Italian President Sergio Mattarella is expected to ask former International Monetary Fund official Carlo Cottarelli to form a temporary government, according to Reuters.

The euro also rebounded after hitting a six-month low at the end of last week, although it gave up some of the early gains as trading continued to trade at $1.166 against the US dollar, having earlier in the day reached $1.1728.

Read more: Italys populists prepare to wage war over the ECBs budget rules

The populist Five Star Movement and the right-wing Northern League had agreed to form a government based on their common anti-establishment stance, in spite of major political differences.

However, the Prime Minister designate, Giuseppe Conte, yesterday said he had "returned the mandate" to form a government offered by Mattarella after the President vetoed the appointment of a veteran eurosceptic as economy minister.

Matarella said he could not allow an economy minister who wants Italy to leave the Eurozone, reassuring investors who fear the exit of one of the single currency's most important members.

The yield on the Italian 10-year government bond fell back to below 2.35 per cent in early trading as investors greeted the collapse of the potential coalition, before rising to around 2.44 per cent at the time of writing, according to Tradeweb.

Read more: What does the new Italian government mean for markets?

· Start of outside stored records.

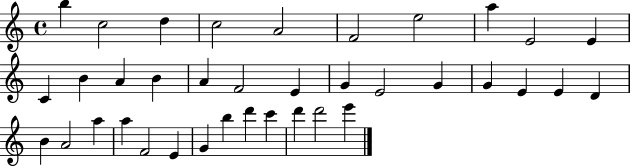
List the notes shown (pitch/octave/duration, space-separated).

B5/q C5/h D5/q C5/h A4/h F4/h E5/h A5/q E4/h E4/q C4/q B4/q A4/q B4/q A4/q F4/h E4/q G4/q E4/h G4/q G4/q E4/q E4/q D4/q B4/q A4/h A5/q A5/q F4/h E4/q G4/q B5/q D6/q C6/q D6/q D6/h E6/q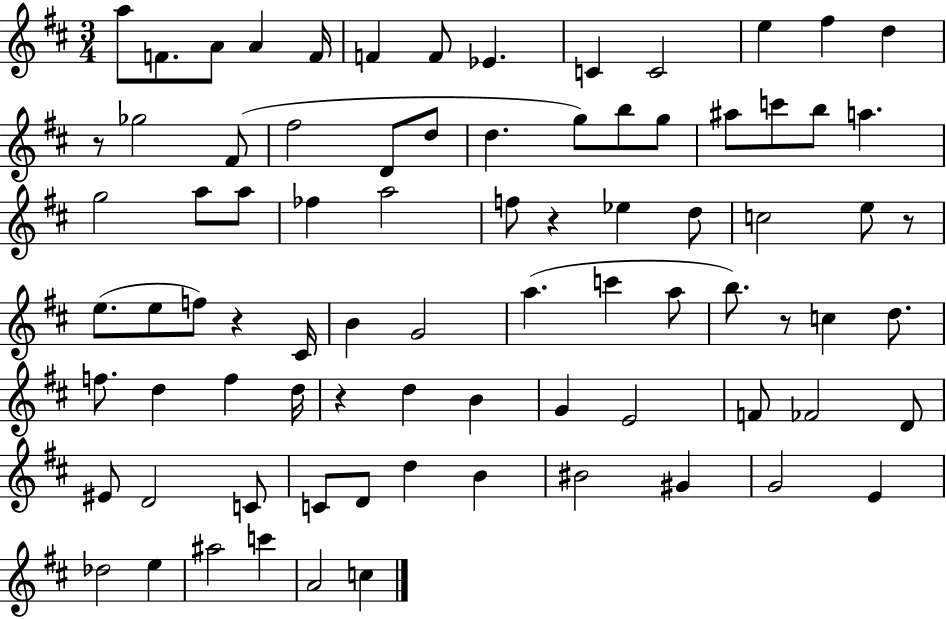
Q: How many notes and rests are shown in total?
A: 82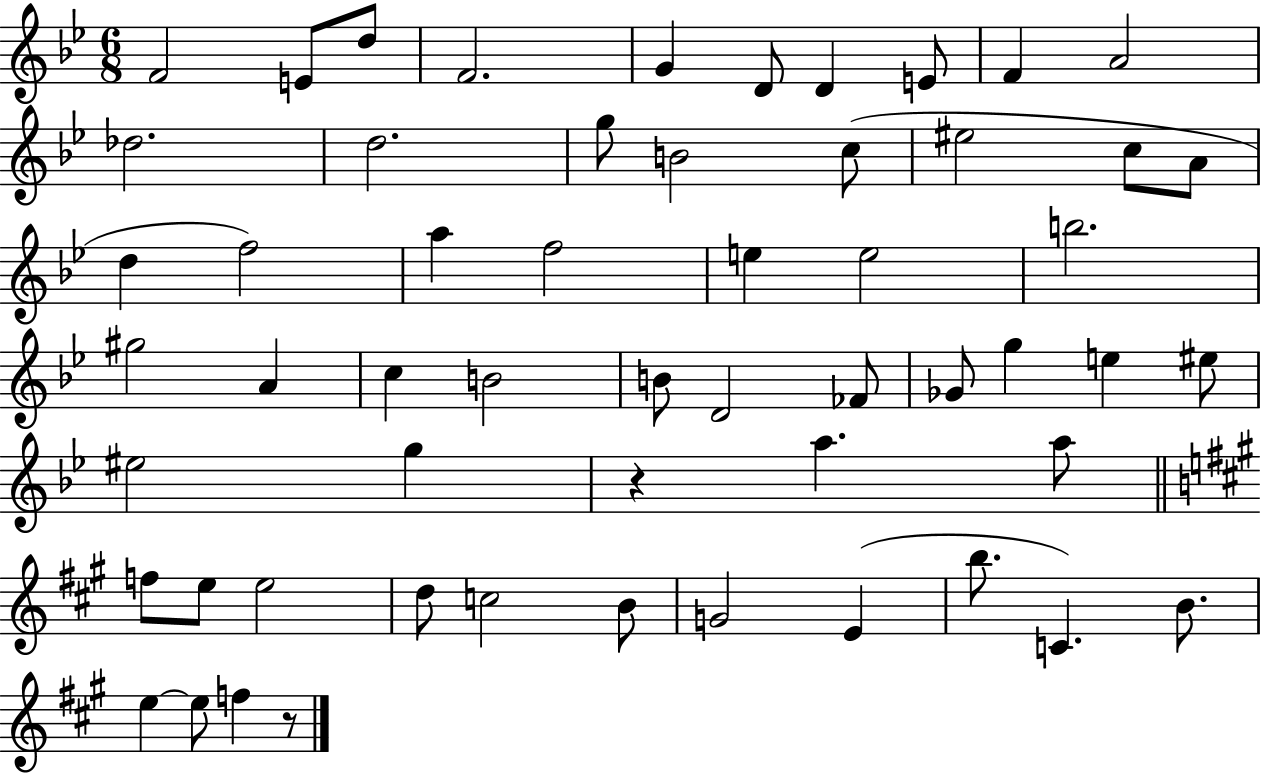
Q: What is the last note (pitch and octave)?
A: F5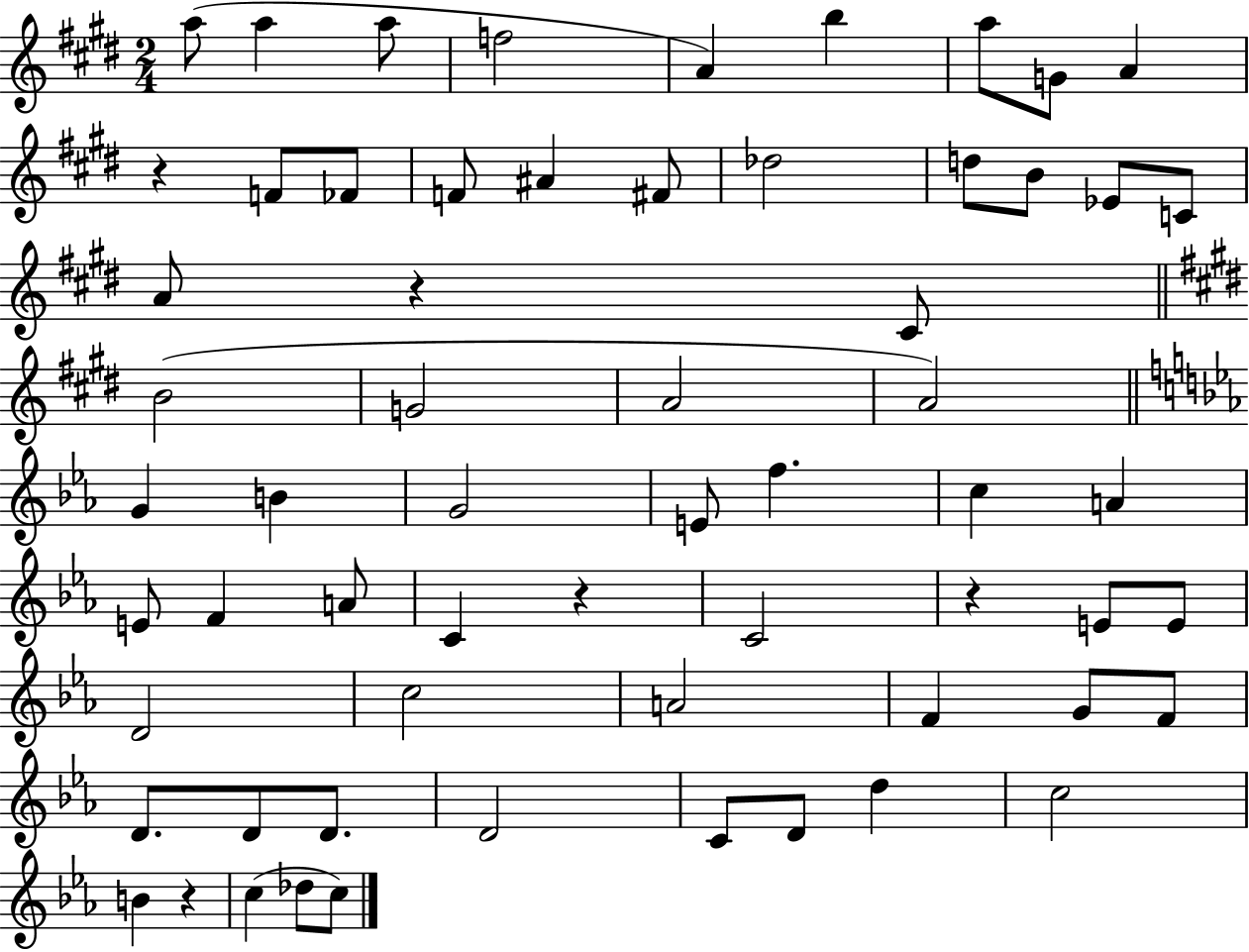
A5/e A5/q A5/e F5/h A4/q B5/q A5/e G4/e A4/q R/q F4/e FES4/e F4/e A#4/q F#4/e Db5/h D5/e B4/e Eb4/e C4/e A4/e R/q C#4/e B4/h G4/h A4/h A4/h G4/q B4/q G4/h E4/e F5/q. C5/q A4/q E4/e F4/q A4/e C4/q R/q C4/h R/q E4/e E4/e D4/h C5/h A4/h F4/q G4/e F4/e D4/e. D4/e D4/e. D4/h C4/e D4/e D5/q C5/h B4/q R/q C5/q Db5/e C5/e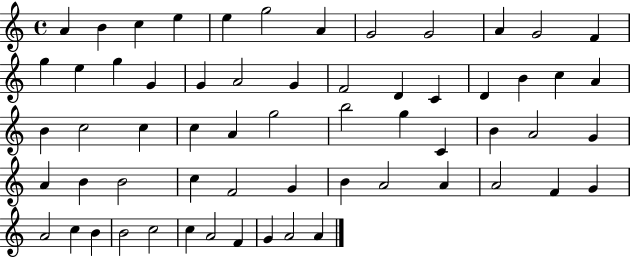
{
  \clef treble
  \time 4/4
  \defaultTimeSignature
  \key c \major
  a'4 b'4 c''4 e''4 | e''4 g''2 a'4 | g'2 g'2 | a'4 g'2 f'4 | \break g''4 e''4 g''4 g'4 | g'4 a'2 g'4 | f'2 d'4 c'4 | d'4 b'4 c''4 a'4 | \break b'4 c''2 c''4 | c''4 a'4 g''2 | b''2 g''4 c'4 | b'4 a'2 g'4 | \break a'4 b'4 b'2 | c''4 f'2 g'4 | b'4 a'2 a'4 | a'2 f'4 g'4 | \break a'2 c''4 b'4 | b'2 c''2 | c''4 a'2 f'4 | g'4 a'2 a'4 | \break \bar "|."
}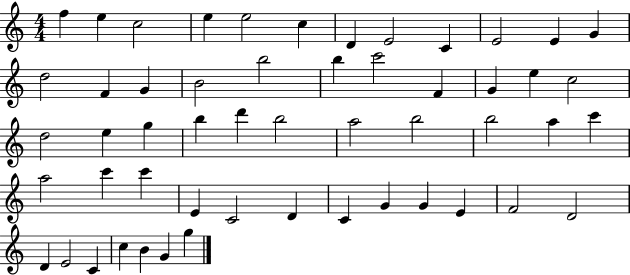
F5/q E5/q C5/h E5/q E5/h C5/q D4/q E4/h C4/q E4/h E4/q G4/q D5/h F4/q G4/q B4/h B5/h B5/q C6/h F4/q G4/q E5/q C5/h D5/h E5/q G5/q B5/q D6/q B5/h A5/h B5/h B5/h A5/q C6/q A5/h C6/q C6/q E4/q C4/h D4/q C4/q G4/q G4/q E4/q F4/h D4/h D4/q E4/h C4/q C5/q B4/q G4/q G5/q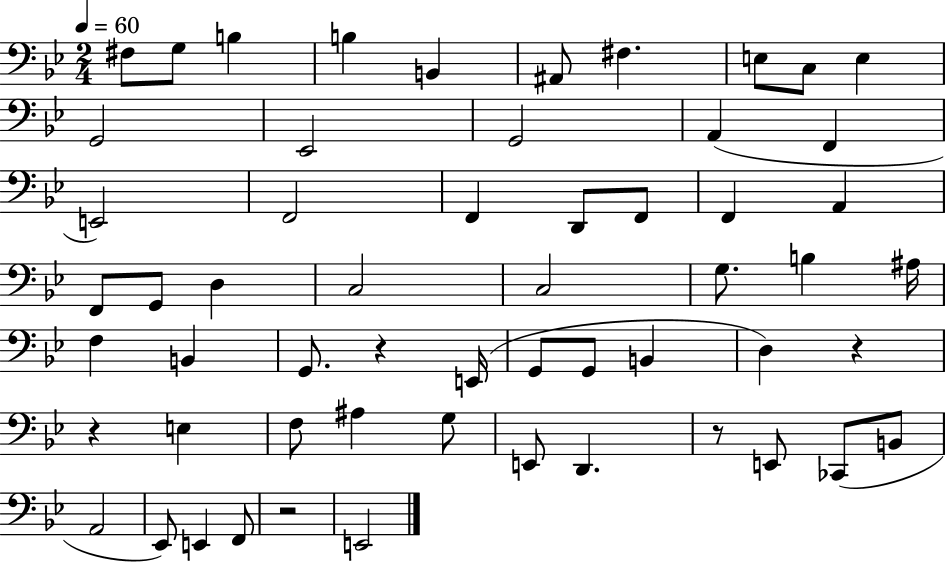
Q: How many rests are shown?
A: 5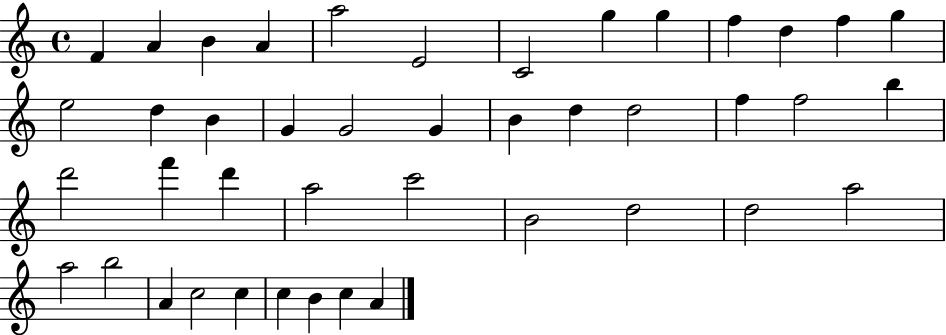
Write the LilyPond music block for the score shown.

{
  \clef treble
  \time 4/4
  \defaultTimeSignature
  \key c \major
  f'4 a'4 b'4 a'4 | a''2 e'2 | c'2 g''4 g''4 | f''4 d''4 f''4 g''4 | \break e''2 d''4 b'4 | g'4 g'2 g'4 | b'4 d''4 d''2 | f''4 f''2 b''4 | \break d'''2 f'''4 d'''4 | a''2 c'''2 | b'2 d''2 | d''2 a''2 | \break a''2 b''2 | a'4 c''2 c''4 | c''4 b'4 c''4 a'4 | \bar "|."
}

The spread between Italian and German 10-year yields – a measure of the premium investors demand which is highly sensitive to political risks – fell back below 200 basis points, after widening dramatically in the past month to hit heights last seen in April last year.

The moves come after a month in which the price of Italian government bonds, which move inversely to yields, has fallen dramatically following fears a high-spending and eurosceptic government could endanger the Italian economy and the Eurozone.

The President's refusal to ratify the coalition cabinet could put Italy on track for yet another election, continuing the political deadlock in the country. However, markets have in the past welcomed technocratic governments in Italy.